Helena’s maag keerde zich om bij het horen van zijn rauwe stem, waarvan de klank te veel herinneringen opriep. Ze stond met haar mond vol tanden, ze wilde woedend reageren maar had geen tijd om haar woede op te wekken.
‘Helena?’ herhaalde hij toen het stil bleef.
‘Wat wil je?’ vroeg ze ijzig, in een poging tijd te winnen.
‘Ik wil mijn kinderen zien,’ antwoordde hij.
‘Dat kan niet,’ zei ze simpelweg. Ze tastte naar haar sigaretten en herinnerde zich Arthurs advies om diep adem te halen wanneer ze gespannen was, maar ze was al blij dat ze nog kon ademen. Ze kon niet toestaan dat hij Federica’s verdriet weer zou oprakelen, niet nu ze net over hem heen begon te komen.
‘Helena, je kunt me niet verbieden mijn eigen kinderen te zien,’ zei hij. ‘Ik heb een brief van Fede ontvangen. Ze heeft me nodig.’
‘Ze kan je missen als kiespijn,’ kaatste Helena sarcastisch terug. Ze stak haar sigaret aan.
‘Je bent kwaad op me.’
‘Ja Ramon, vind je het gek! Ik heb zeven jaar niets van je gehoord,’ snauwde ze, de rook in de telefoon blazend.
Hij haalde diep adem. ‘Rustig nou maar,’ zei hij wrevelig.
‘Mijn god, wat ben jij voor een vader? Het verbaast me dat Federica je nog niet vergeten is. Daar krijgt ze alleen maar spijt van, verdomme. Toby is meer een vader voor haar dan jij ooit bent geweest. Je kunt niet na zeven jaar zomaar ineens voor de deur staan en van ons verwachten dat we je met open armen ontvangen. Je hebt ervoor gekozen te vertrekken en weg te blijven. En als je daar spijt van hebt, dan is dat jammer.’
‘En wie is Arthur?’ vroeg hij.
Ze nam een stevige trek van haar sigaret. ‘Mijn verloofde,’ antwoordde ze zelfvoldaan.
‘Daar was Fede al bang voor.’
‘O, kom je daarvoor. Fedes reddende engel. Laat me niet lachen.’
‘Ik kom naar jullie toe, of je wilt of niet,’ zei hij.
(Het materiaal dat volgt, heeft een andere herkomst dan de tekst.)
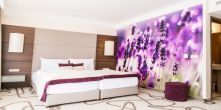 Zapach lawendy w Hotel Ambient Aroma Spa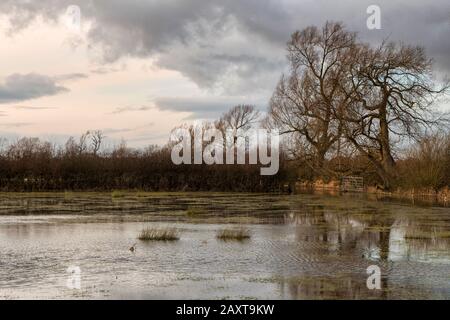 Überflutete Felder in der Nähe der Themse und des Themse-Pfades in der Nähe der Stadt Cricklade in Wiltshire Stockfoto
‘Doe wat je niet laten kunt. Maar ik laat je niet bij de kinderen.’
‘Als jij je eigen kinderen hun vader wilt onthouden, dan moet je het zelf weten, maar ik kom.’ Hij hing op.
Ramon zette zijn tas in de kofferbak van de zwarte Mercedes en vroeg de chauffeur hem naar Polperro te brengen. Vervolgens ging hij achterin zitten en liet zijn gedachten de vrije loop. De jaren waren voorbijgevlogen zonder dat hij er erg in had gehad. Hij was te gelukkig met Estella en Ramoncito geweest om lang stil te staan bij zijn gezin aan de andere kant van de oceaan. Helena en de kinderen knaagden altijd wel aan zijn geweten, maar niet ernstig genoeg om ze op te gaan zoeken.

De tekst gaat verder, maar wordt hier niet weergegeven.